| Required work |
Without the pictures, restate all of the data below word for word.

| Dataset content |
□ □ □ □

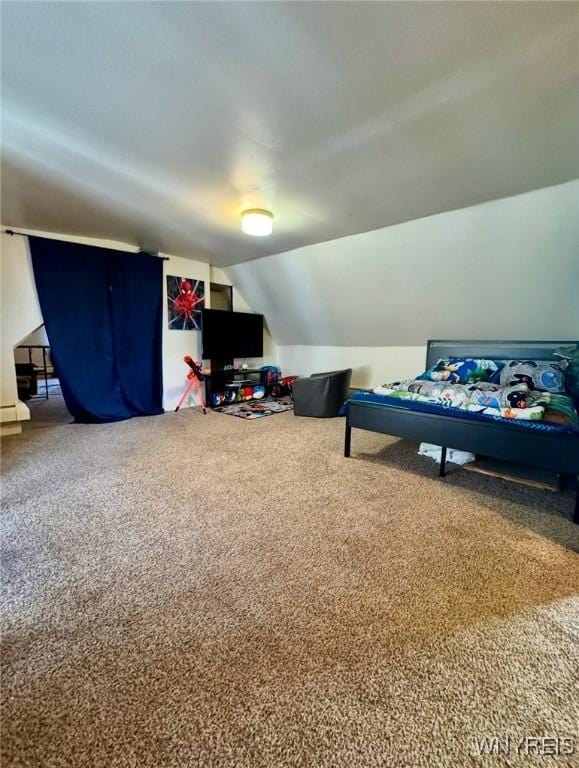 recreation room featuring carpet and lofted ceiling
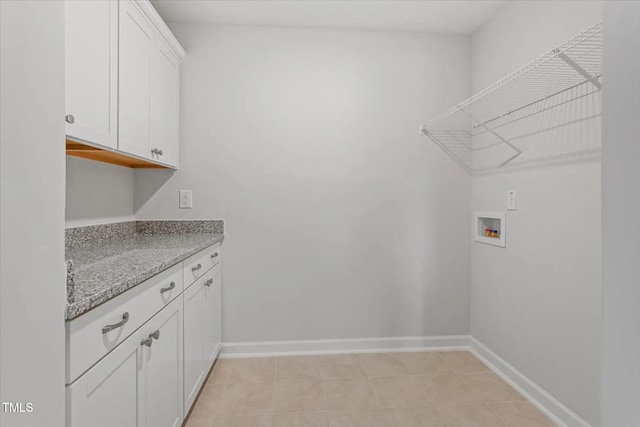 washroom featuring cabinet space, baseboards, washer hookup, and light tile patterned flooring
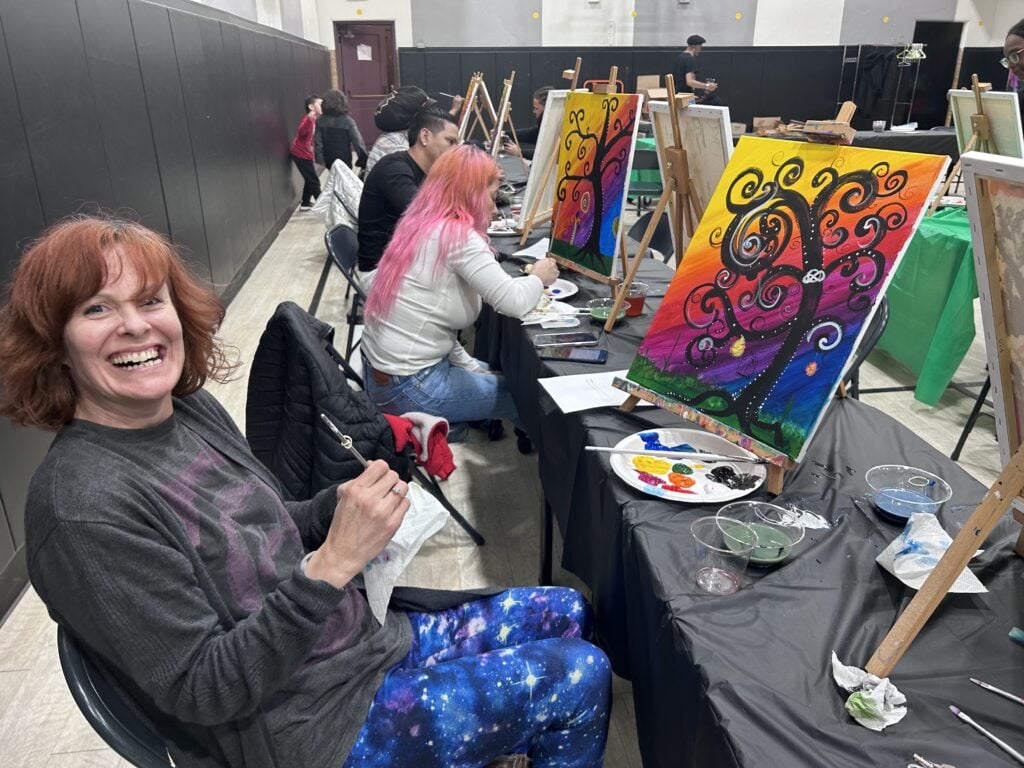 Adults painting colorful tree canvases at an event.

□ □ □ □

| Your response |
 recreation room featuring carpet and lofted ceiling
 washroom featuring cabinet space, baseboards, washer hookup, and light tile patterned flooring
 Adults painting colorful tree canvases at an event.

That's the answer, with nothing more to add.